At the same time, the high level of flexibility afforded by simulation ties in with its
biggest drawback: all observations drawn from simulated data depend on the assumptions and
simplifications of the model used to generate these data. The vague notion of “realistic
simulation” is often used to justify reliance on simulations capturing relevant aspects of real
data, but simulations cannot straightforwardly, if at all, account for all evolutionary forces.
The risk thus becomes the benchmarking of MSA programs in scenarios of little or no
relevance to real biological data. For instance, Golubchik et al. investigated the performance
of six aligners by simulating sequences in which gaps of constant size were placed in a
staggered arrangement across all sequences [33]; although this scenario might be useful to
emphasize a more general problem in aligning regions adjacent to gaps, its very artificial
nature makes it a poor choice to gauge the extent of that problem on real data.

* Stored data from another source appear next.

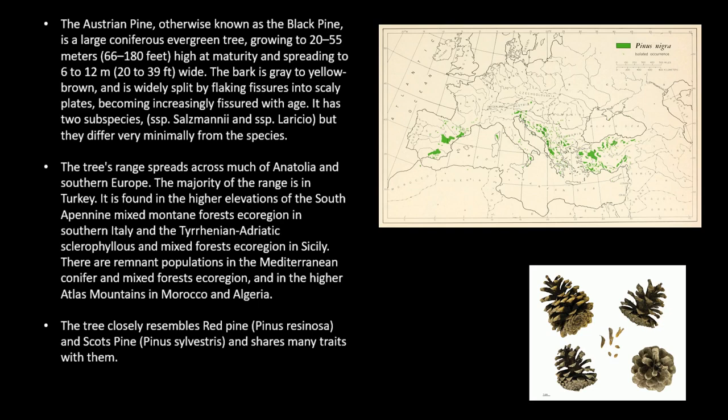The tree's range spreads across much of Anatolia and southern Europe, with the majority of the range in Turkey. It is found in the higher elevations of the South Apennine mixed montane forests ecoregion in southern Italy, and the Turinian Adriatic Sclerophyllous and mixed forests ecoregion in Sicily. There are remnant populations in the Mediterranean conifer and mixed forests ecoregion, and in the higher Atlas Mountains in Morocco and Algeria.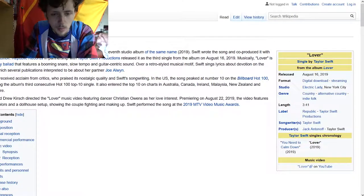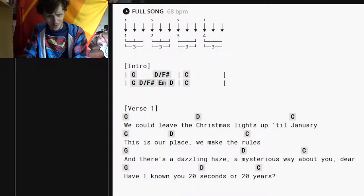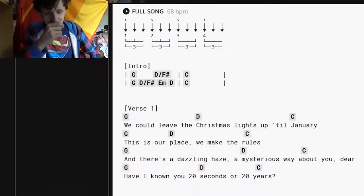I would say pop, but based on the genre listed right here, it says country, alternative country, indie folk. I'm gonna look up the chords on Ultimate Guitar. Sometimes they can be wrong about the chords, but it's a relatively simple chord progression — just G, D, and C. Based on the Wikipedia page and this, I think there might be a lot of guitar in the song, which is of course kind of Taylor's roots.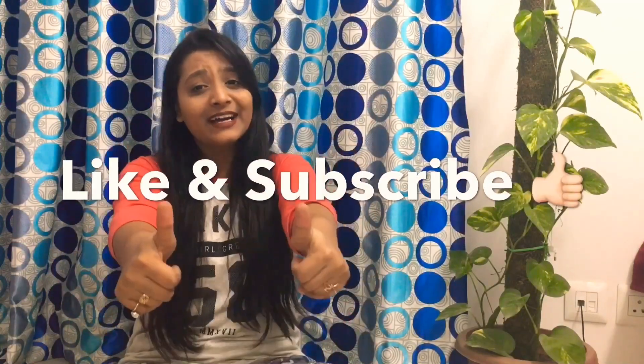Hey guys, so that was it for today's video. If you enjoyed this transformation, just like I enjoyed making this one for you, please give it a big like and don't forget to subscribe to my channel because I post videos twice a week. You can also follow me on Instagram and Facebook. I think I should leave you now — until we meet again. Allah Hafiz!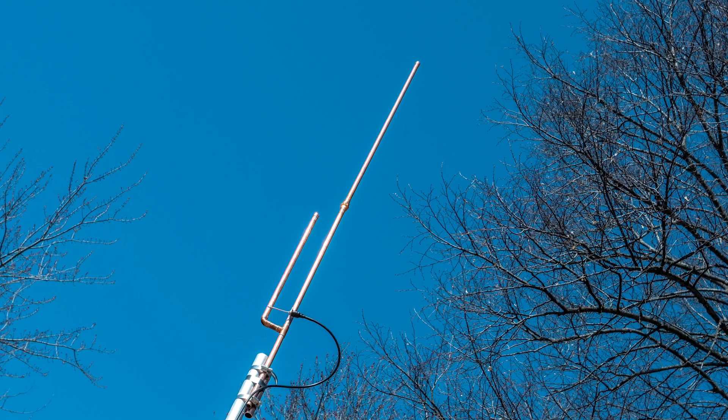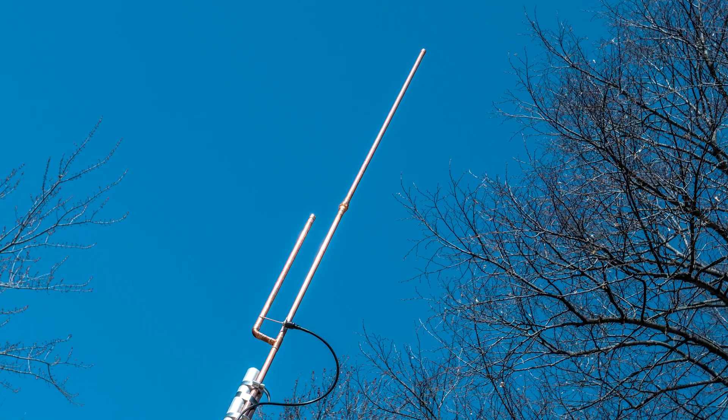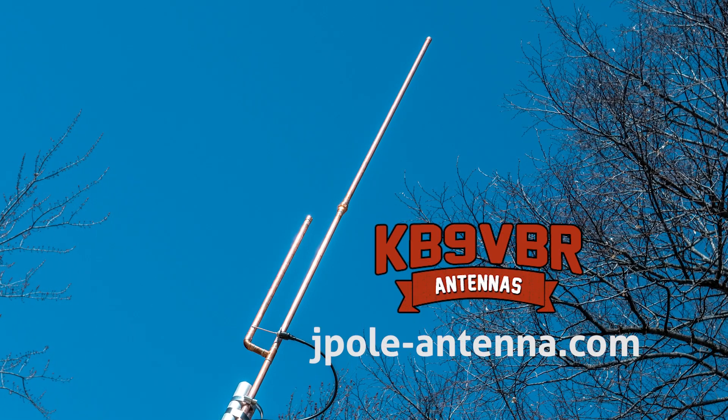KB9VBR antennas are simple, effective, and affordable VHF and UHF antennas for amateur radio, MERS, public safety, and GMRS. Made in the USA with quality parts. Get yours online at jpole-antenna.com.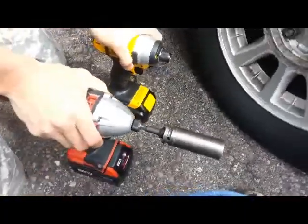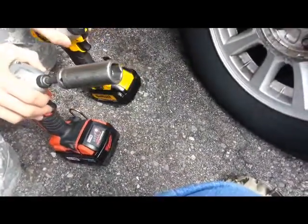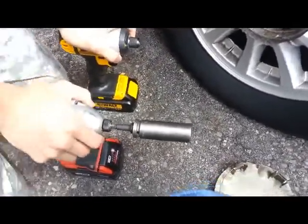Alright, so we have two of the best impact drivers from these companies laying around and we just had nothing to do. Since our drills are broken, let's move on to the impact wrench.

A further potential risk is the use of simulation settings more favourable to some packages
than others [34]. For instance, the selected model of sequence evolution might resemble the
underlying model of a particular aligner and thus provide it with an “unfair” advantage
(i.e. presumably unrepresentative of typical situations) in the evaluation. Even when the
evaluation is conducted in good faith, the high complexity of many MSA aligners—
particularly in terms of implicit assumptions and heuristics—can make it challenging to
design a fair simulation.
3. Consistency among different alignment methods
The key idea behind consistency-based benchmarks is that different good aligners
should tend to agree on a common alignment (namely the correct one) whereas poor aligners
might make different kinds of mistakes, thus resulting in inconsistent alignments.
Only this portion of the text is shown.